Putting cash to work
During end-of-year earnings calls, as is almost always the case, financial matters dominated the conversation with analysts. Cash flow, capital spending guidance and shareholder distributions garnered the most attention.
Knowing oil prices were higher, analysts were looking for specific guidance as to how much cash flow would be expected to improve and whether cash would be directed toward shareholders, the core businesses or expanding alternative energy businesses. Flexibility was a common theme, with analysts wanting to know if and how capital spending plans might be geared up in the second half of the year if oil prices were to stabilize at current levels or improve.
Analysts highlighted shareholder distributions by reminding companies the market tends to reward companies that provide stable dividends, even when oil prices are low.

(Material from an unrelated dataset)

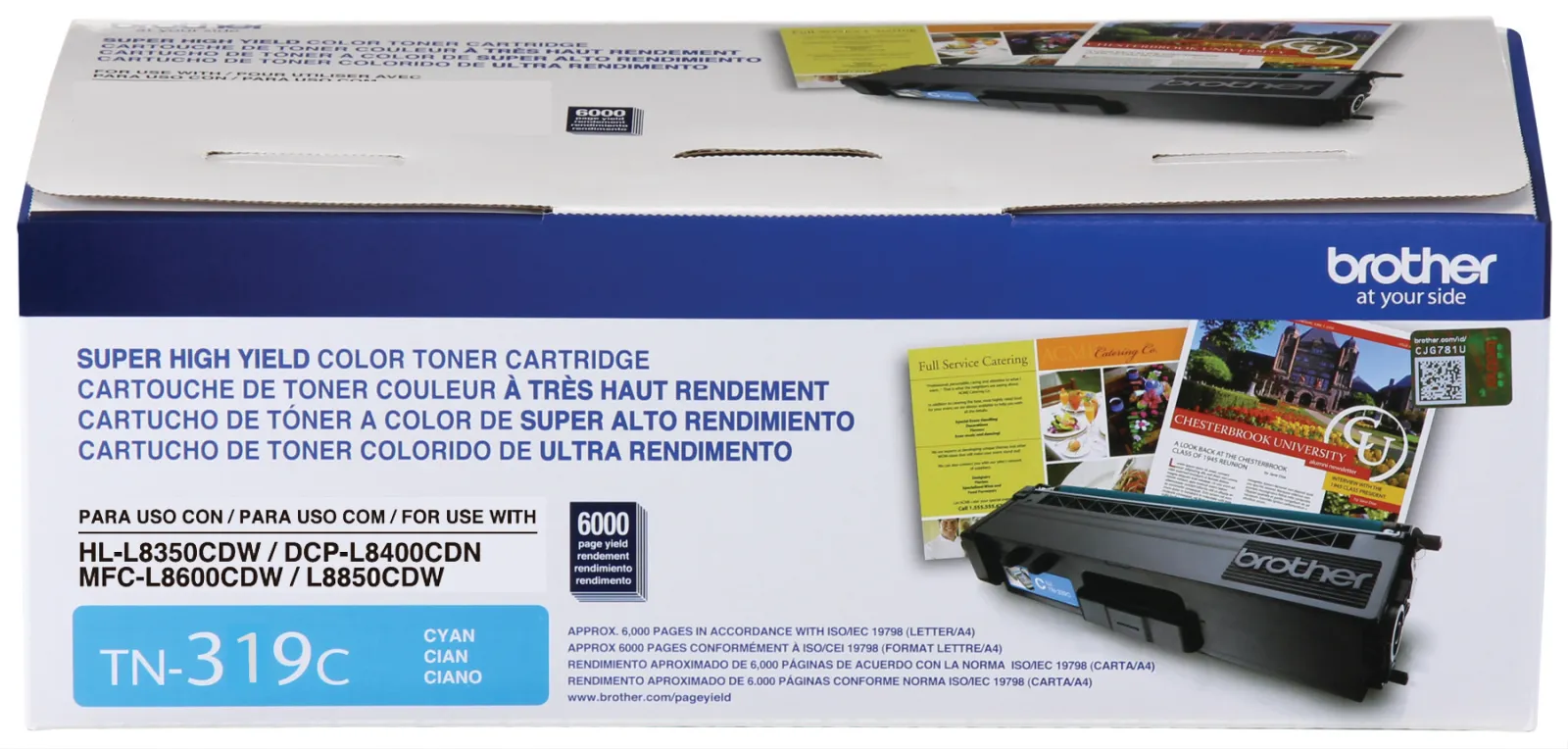 Imagen principal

Analysts asked direct questions about the level at which crude oil prices need to stabilize before companies can start to raise shareholder pay-outs. They also asked if capital return will take the form of share buybacks or dividends.

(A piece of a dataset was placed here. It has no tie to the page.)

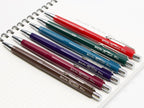 Sakura Retrico Ballpoint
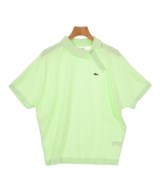 LACOSTE ポロシャツ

Striking a balance between core and alternative
Analyst interest in the balance between core and alternative businesses was notable. Companies were asked more than once whether incremental capital spending would be allocated to the upstream business to capitalize on the potential uplift in oil prices or the renewables business.
While analysts acknowledged companies’ aspirations, they tried hard to evaluate the companies’ competitiveness through both financial and strategic lenses. Analysts questioned the feasibility of renewable business plans laid down by the companies asking about core capabilities and comparing returns on their upstream assets with potential returns from their renewable projects.

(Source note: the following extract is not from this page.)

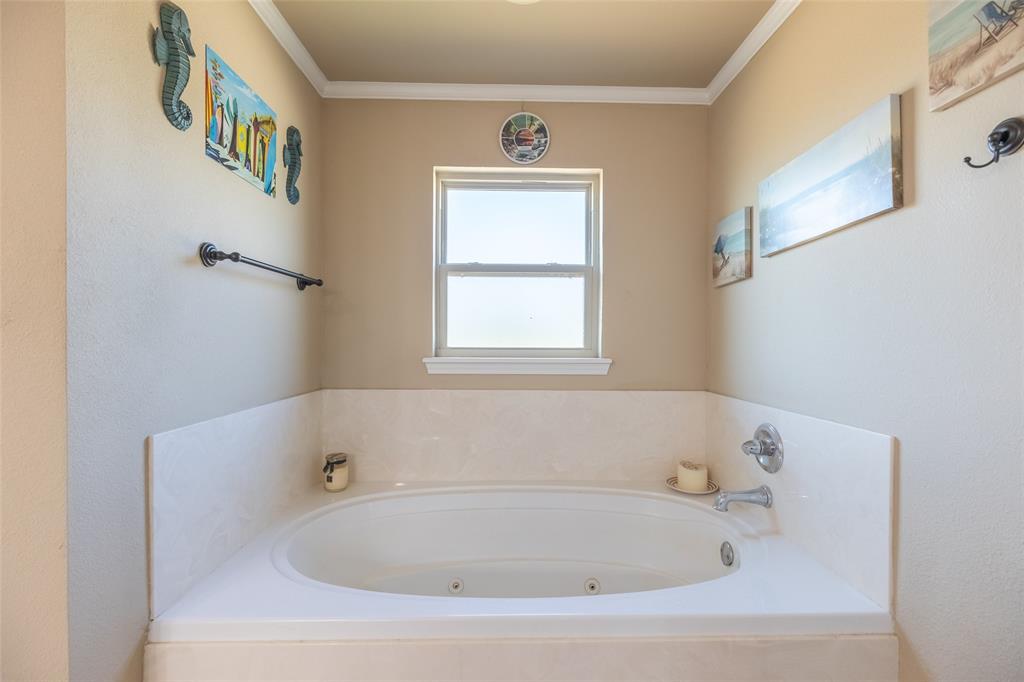 1072 FM 2836 Colorado City, TX 79512 - Photo 27 of 39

Analysts posed several questions to companies on their current and targeted gearing levels. The trade-off between keeping debt levels low and preserving credit ratings versus growing non-oil businesses that operate with lower returns and therefore need higher leverage was evident. Recent announcements from credit rating agencies on potential downgrades were clearly on analysts’ minds.
On the strategic front, the commitment of oil majors to low-carbon businesses was a key focus area. Several questions were raised about how far into the future companies expect the renewable business to become material.
US playing catch-up
US companies, lagging in their ambitions relative to peers, were asked how the intense external pressure (from peers, shareholders, credit agencies and others) to reduce their carbon footprints might be influencing board discussions. Analysts probed if US companies have any long-term plans to operate as diversified energy companies, such as their European peers.
Companies continued to high-grade their portfolios by divesting less-strategic assets and focusing investment on projects with higher margins. Questions were sure to ensue. Shifting capital priorities and the optimum size of their upstream business in the long term were a focal point.